Making Nothing Happen is a conversation between five poet-theologians who are broadly within the Christian tradition - Nicola Slee, Ruth Shelton, Mark Pryce, Eleanor Nesbitt and Gavin D'Costa. Together they form The Diviners - a group which has been meeting together for a number of years for poetry, and theological and literary reflection. Each poet offers an illuminating reflection on how they understand the relation between poetry and faith, rooting their reflections in their own writing, and illustrating discussion with a selection of their own poems. The poets open up issues for deeper exploration and reflection, including: the nature of creativity and the distinction between divine and human creation; the creative process as exploration, epiphany and revelation; the forging of identity through writing; ways in which the arts reflect, challenge and dialogue with faith, and faith can inform and challenge the arts; power and voice in poetry and faith; and ways in which race, gender and culture interact with and shape poetic and theological discourse.
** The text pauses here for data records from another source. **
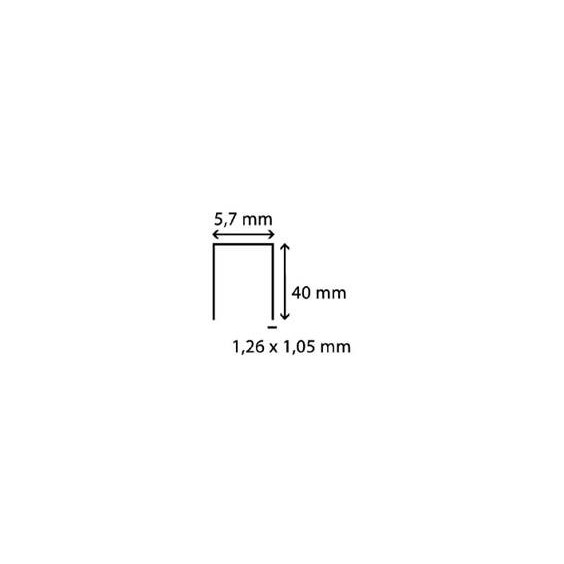 Boîte de 1000 agrafes 40mm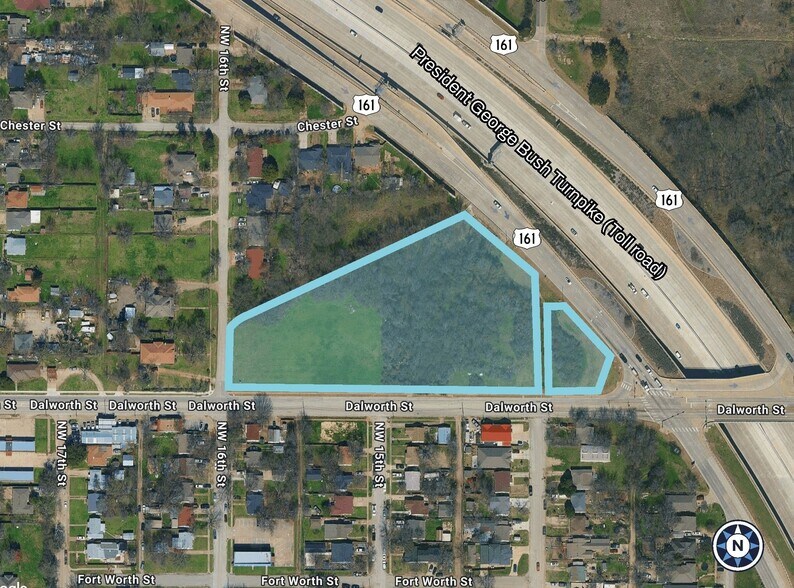 Primary Photo Of 1318 Dalworth Street, Grand Prairie Land For Sale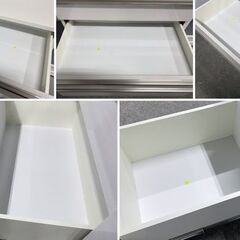 高橋木工 SUNNY キッチンボード 食器棚 シェモア 幅120cm ソフトクローズ 中古家具 店頭引取歓迎 R10153の画像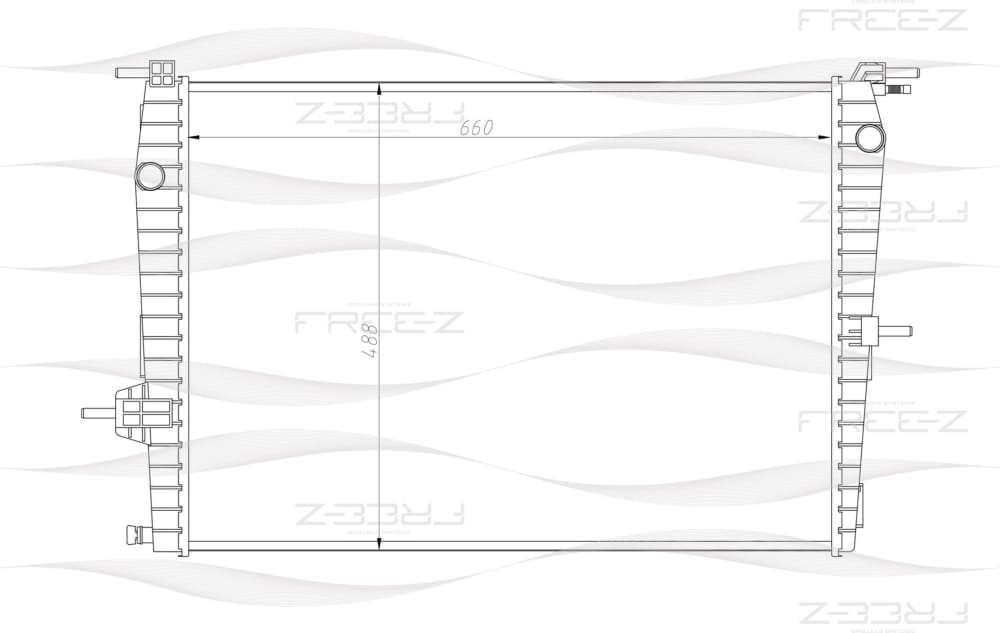 FREE-Z KK0178 Радиатор охлаждения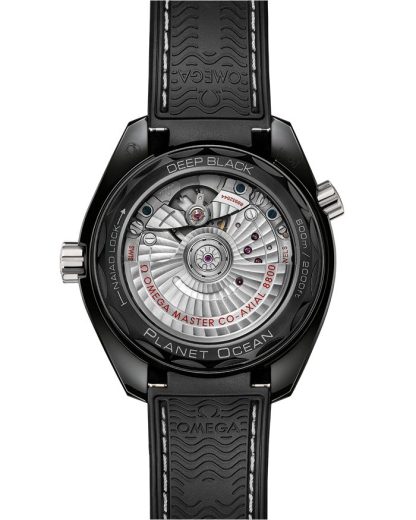 Omega Seamaster Planet Ocean 600M 39,5 mm, Schwarze Keramik mit Kautschukband 215.92.40.20.01.001 – Bild 2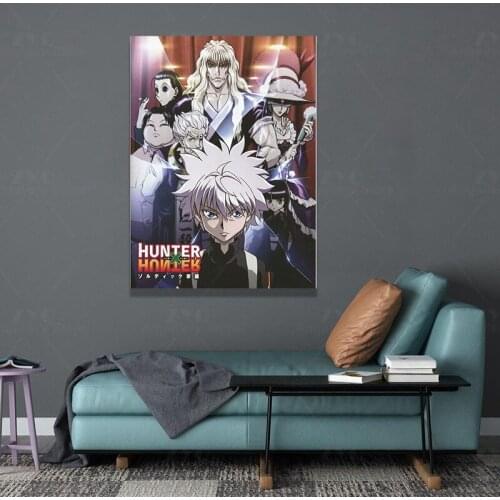 Hunter X Hunter Poster Popular Classic Japanese Anime Home Decor Poster Print Modular Canvas Pictures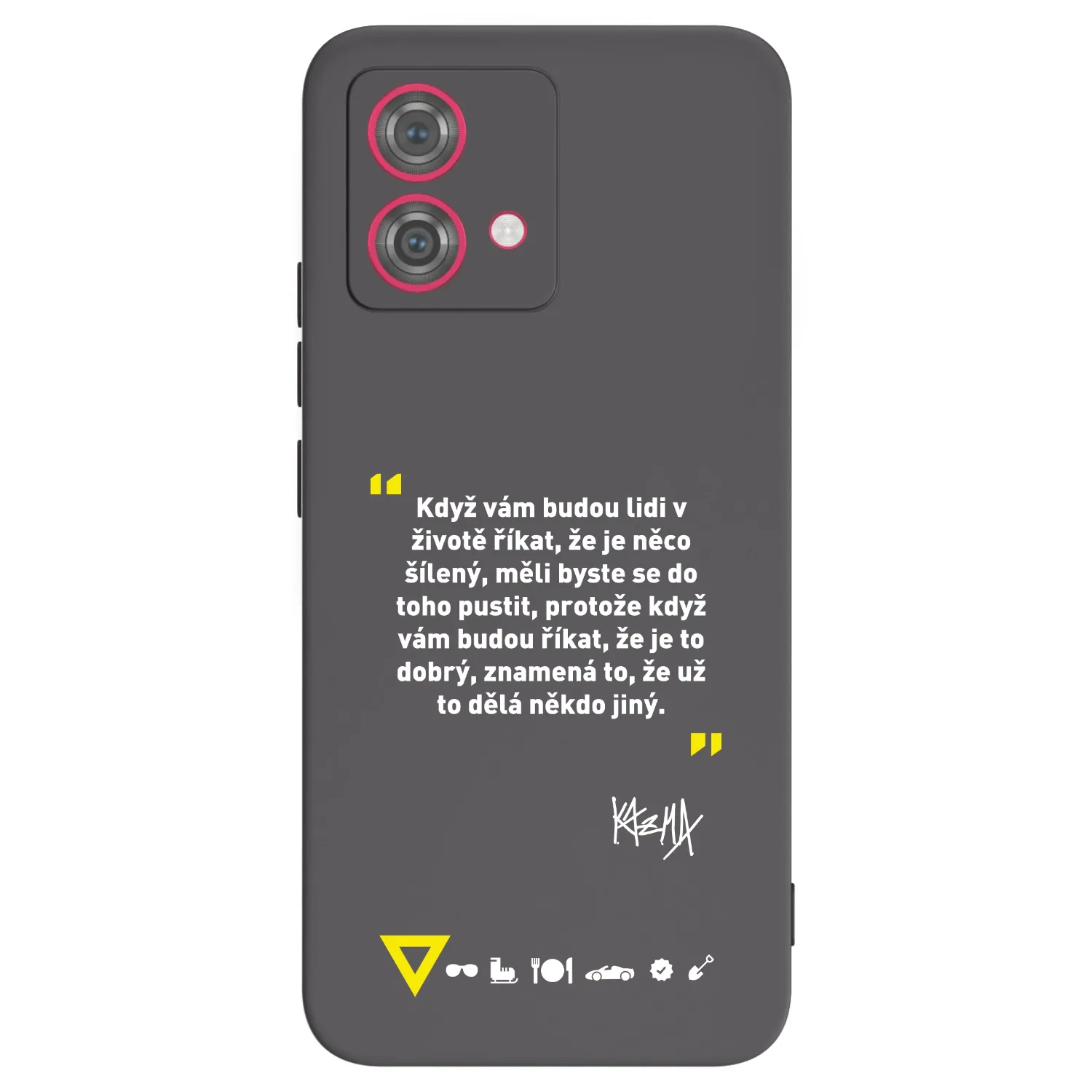 Picasee silikonový černý obal pro Motorola Moto G84 5G - Kazma - MĚLI BYSTE SE DO TOHO PUSTIT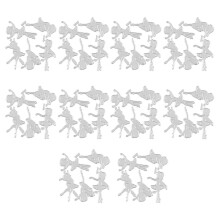 (DC3508) 10Pcs Flower Leaf Cutting Dies Hollow out Animal Dinosaur Die Cut Embossing Stencils for Card Making Scrapbooking Album Multicolor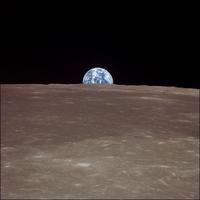 Earth over Moon...
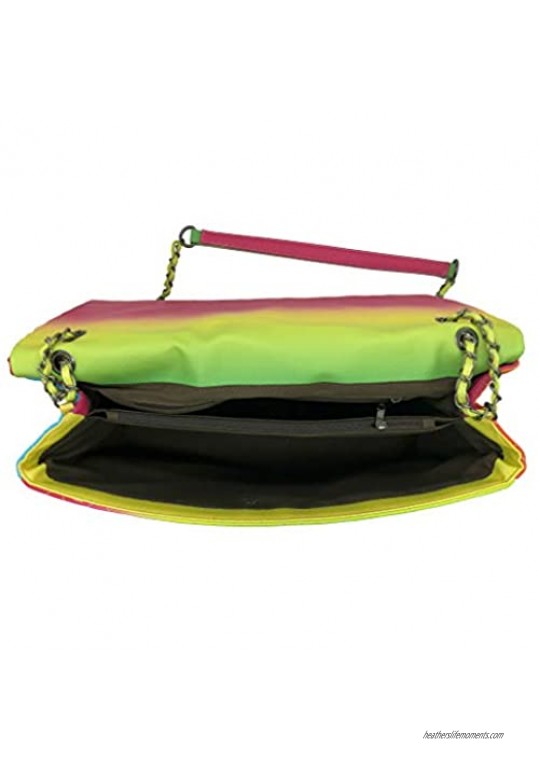 Color Graffiti Printed Shoulder Big Bags Fashion Large Travel Bags Women Luxury Chain Handbags (Large size)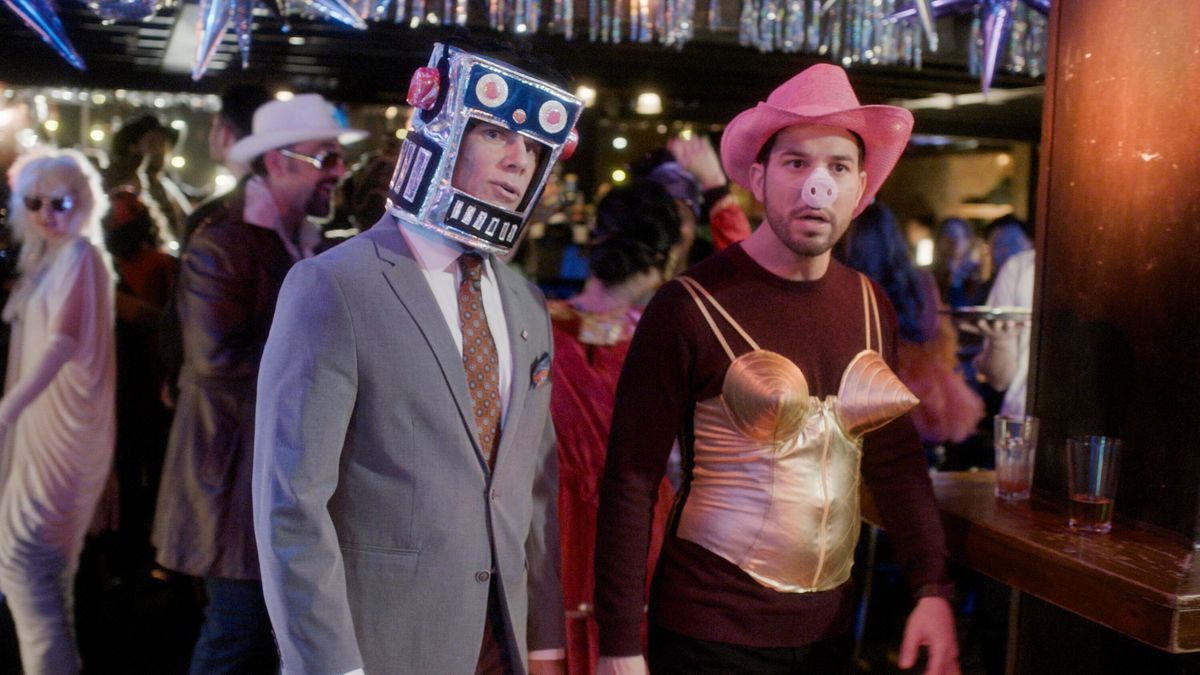 Matthew Wilkas and Skylar Astin in So Help Me Todd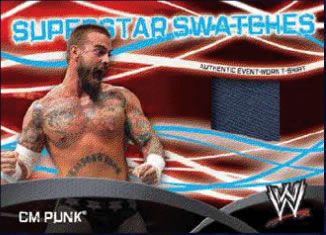 2011 Topps WWE Superstar Swatches CM Punk Relic Card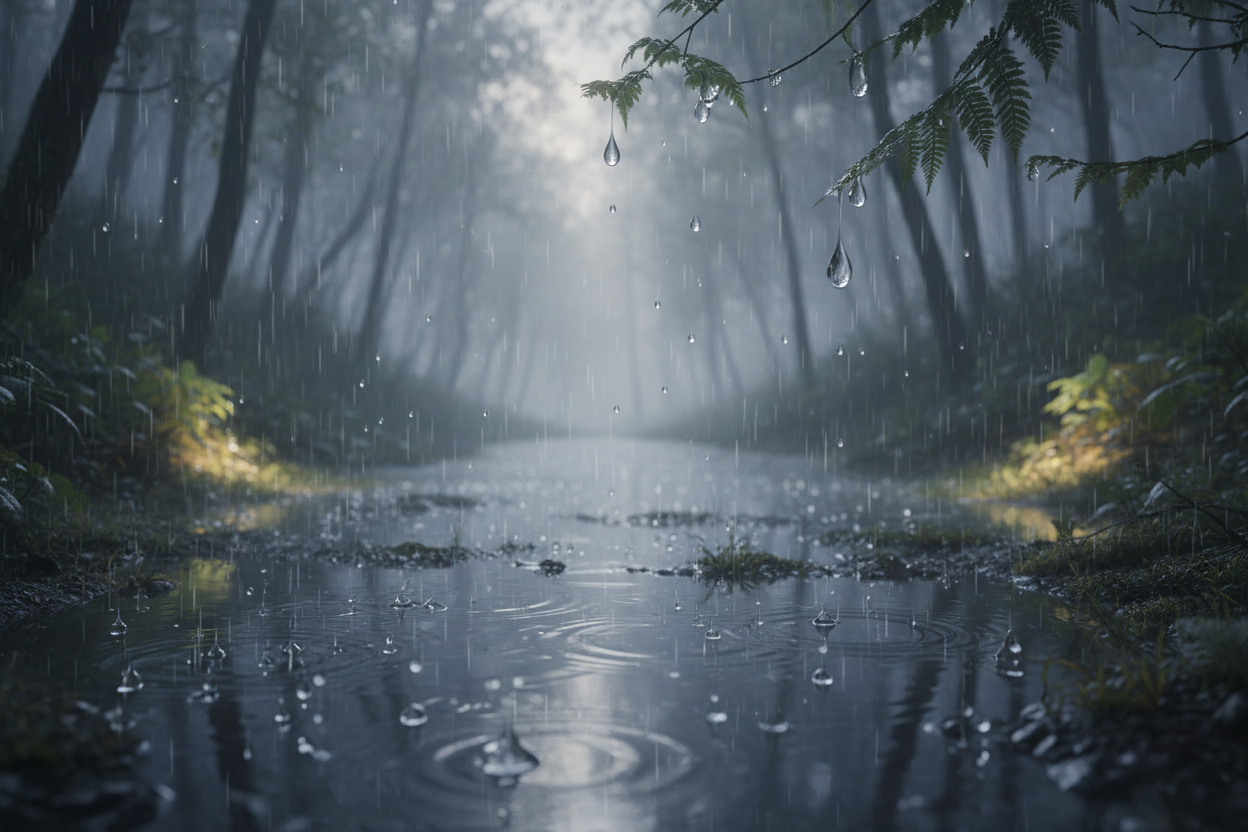 rain water in background wait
This book will be of interest to poets and theologians, to all who read poetry and are interested in the connections between literature and faith, to those seeking inspiration for preaching, liturgy and pastoral care, and to those committed to the practice and nurturing of a contemplative attitude to life in which profound attention and respect are offered to words and to the creative Word at work.
Table of Contents
Contents: Foreword, Rowan Williams; Introduction; (W)riting like a woman: in search of a feminist theological poetics, Nicola Slee; Steady until sundown: searching for the holy, Ruth Shelton; Taking form: on becoming a Christian poet, Mark Pryce; Where poems come from: spirituality, emotion and poiesis, Eleanor Nesbitt; The miracle of poetry: divine and human creativity, Gavin D’Costa; Index.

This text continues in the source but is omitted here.